Nel paese dei “non luogo a procedere” da anni si cammina sul posto, anzi si retrocede; gran parte delle forze partitiche condividono “responsabilità di governo” e appare quasi paradossale che a far la voce grossa, antigovernativa (ma ancora per poco) sia il partito che in definitiva già detta legge, quello dei decreti reiterati e del mantra dei tagli alla spesa pubblica. Dall’altra parte dell’emiciclo i due parlamentari dell’Mps sventagliano interrogazioni ormai quotidiane, vista la crescente frequenza di “casi” che andrebbero discussi e affrontati seriamente ma che l’esecutivo accoglie ormai come fosse la pubblicità nella bucalettere di casa, oppure (nella migliore delle ipotesi) rinviando una presa di posizione a “quando la giustizia avrà fatto il suo corso”. Inutile ricordare in che condizioni si trovi attualmente la giustizia di casa nostra. Ma tant’è: da destra come da sinistra si rinvia a procedimenti penali o amministrativi con comunicati (magari affidati all’avvocato di fiducia di un ministro) che impugnano e giustificano il silenzio di fondo, accusando pesantemente chi solleva le questioni: e vai con la “panna montata” e con il “fango sulle istituzioni” attribuiti naturalmente agli avversari politici, a sindacati che fanno il loro semplice lavoro di difendere un docente licenziato, e soprattutto ai media (non tutti, diciamolo, solo quelli “mainstream”).

Sicché, fra panna e palta, in Parlamento è tutto un discutere non tanto del merito dei vari dossier ma di come adattarli per ottenere maggioranze, perché, si sa, la politica è l’arte del compromesso. C’è però chi a questo scenario sempre più avulso dalla realtà quotidiana dei cittadini, non riesce ad adattarsi passivamente. Sono quelli che “scendono in piazza”, erredipizzati direbbe qualcuno evocando la Rete di difesa delle pensioni pubbliche che negli ultimi anni e mesi ha inciso non poco nell’indurre anche i tradizionali sindacati a sostenere battaglie pubbliche di opposizione alla politica salariale e pensionistica nei confronti del personale dello Stato.
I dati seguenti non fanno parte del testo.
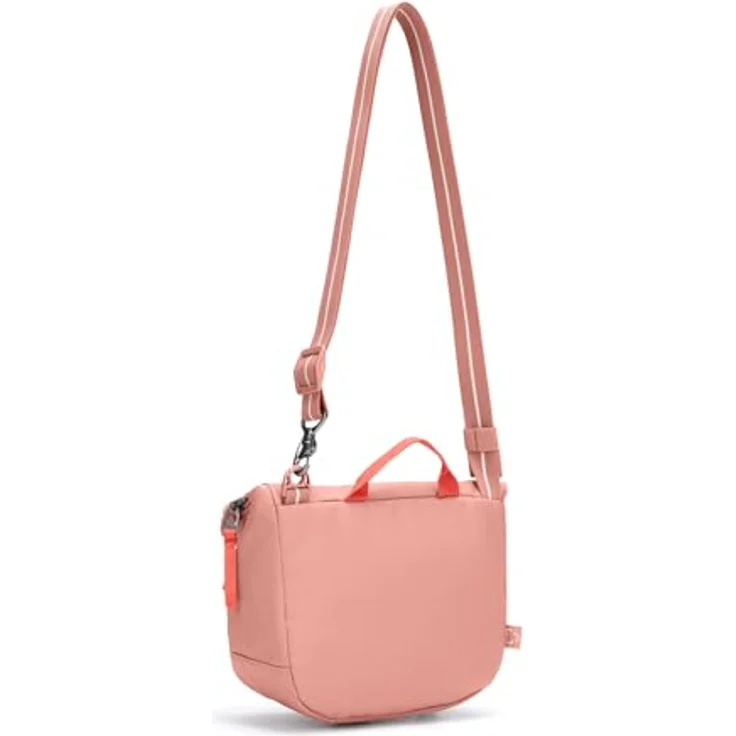 Pacsafe Go Saddle Crossbody Bag, Umhängetasche mit RFID-Blocker und Schlitzschutz, altrosa, 5-7 l Volumen – Bild 4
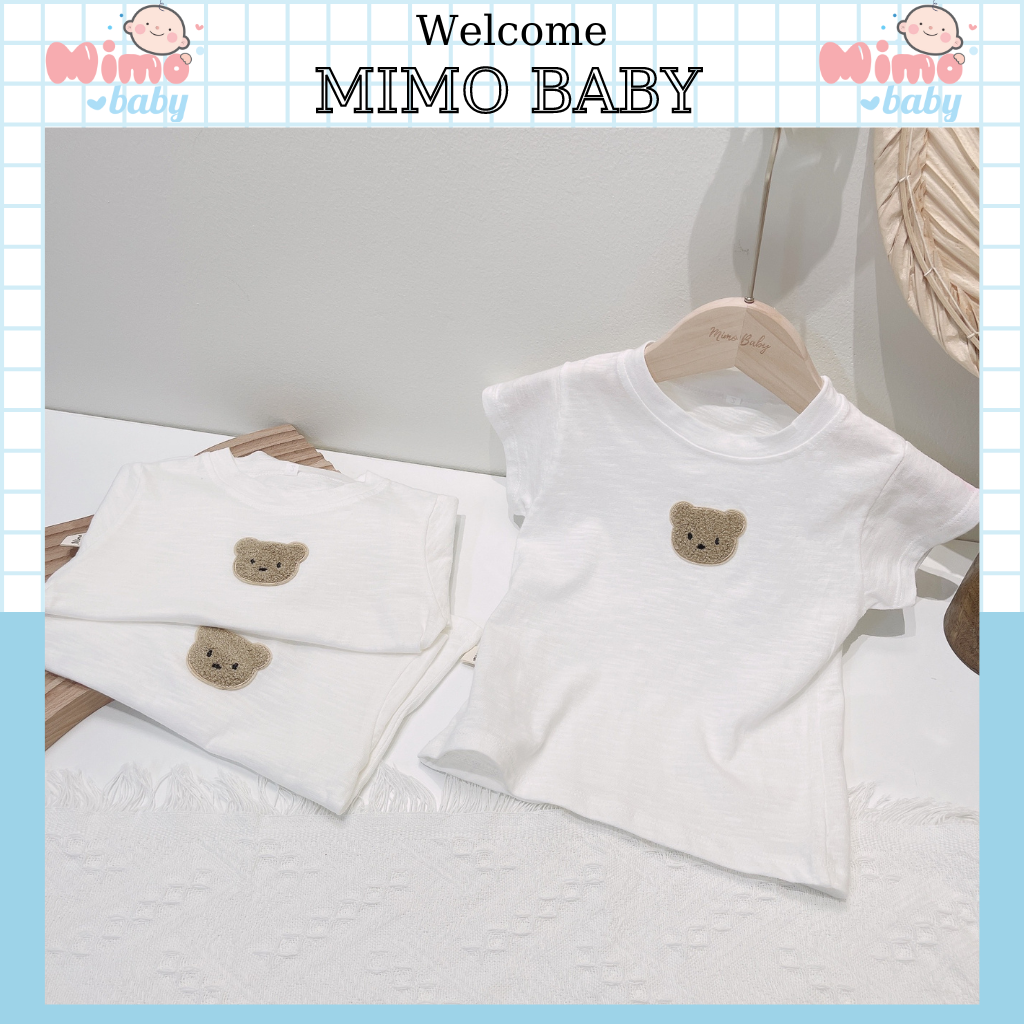 Áo Cotton Dài Tay Đính Gấu Thêu Dễ Thương Cho Bé Qa32 Mimo Baby | Lazada.Vn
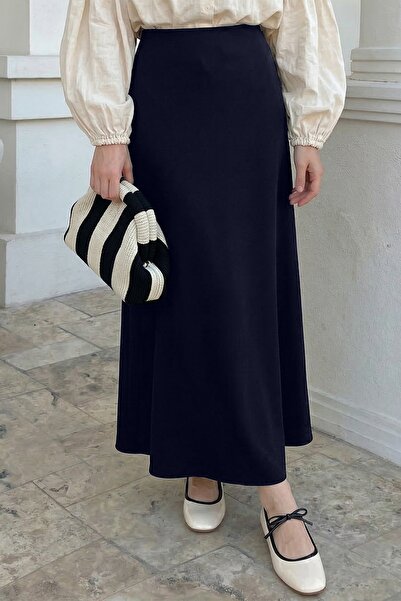 InStyle A-Line Navy Blue Double Fabric Skirt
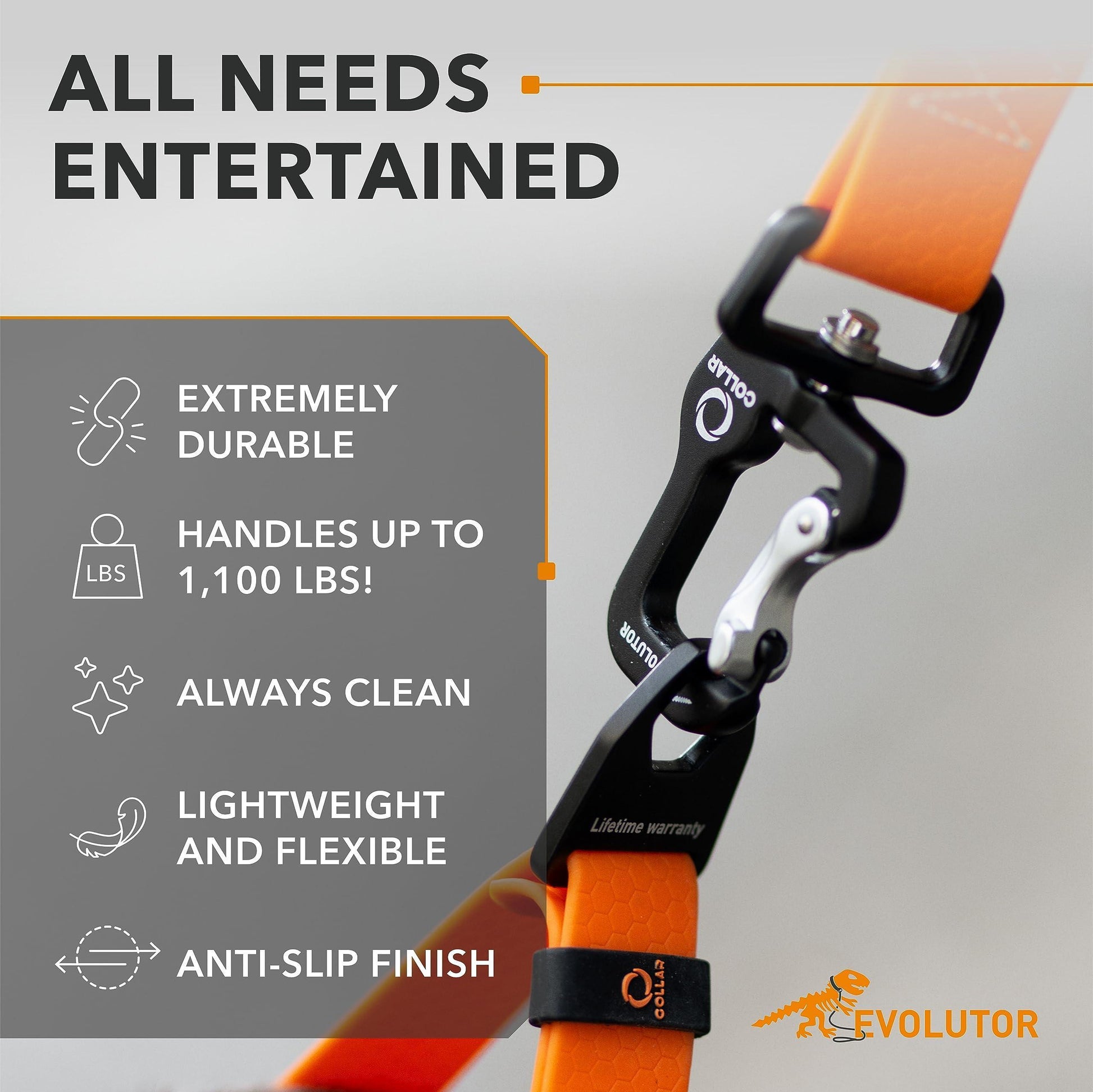 COLLAR Extra Heavy Duty Durable EVOLUTOR Dog Leash. 10 Ft (Orange) For Pet With Love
Ma apriti cielo, già si invita da più parti a non tirare troppo la corda, come se pretendere il dovuto fosse considerato un ammutinamento, la difesa di presunti “privilegi”, dimenticando (o sottacendo) il fatto che manifestare in piazza non è una moda (come è riuscito a dire Gianni Righinetti) ma un diritto democratico, cui oggi più che mai devono ricorrere quei cittadini che vorrebbero (e non trovano) una politica o un partito che in sede istituzionale li sappia rappresentare. La piazza diviene così, uno spazio pubblico di dibattito e confronto che non solo appare alternativo alla sempre più opaca pratica consociativa istituzionale, ma che torna anche a offrire, “dal basso”, un luogo fisico indispensabile perché una serie di rivendicazioni possano unire esigenze e vissuti individuali dentro un progetto collettivo. Certo, la piazza può spiazzare, preoccupare e far scricchiolare scranni e strapuntini: ma ci sono alternative?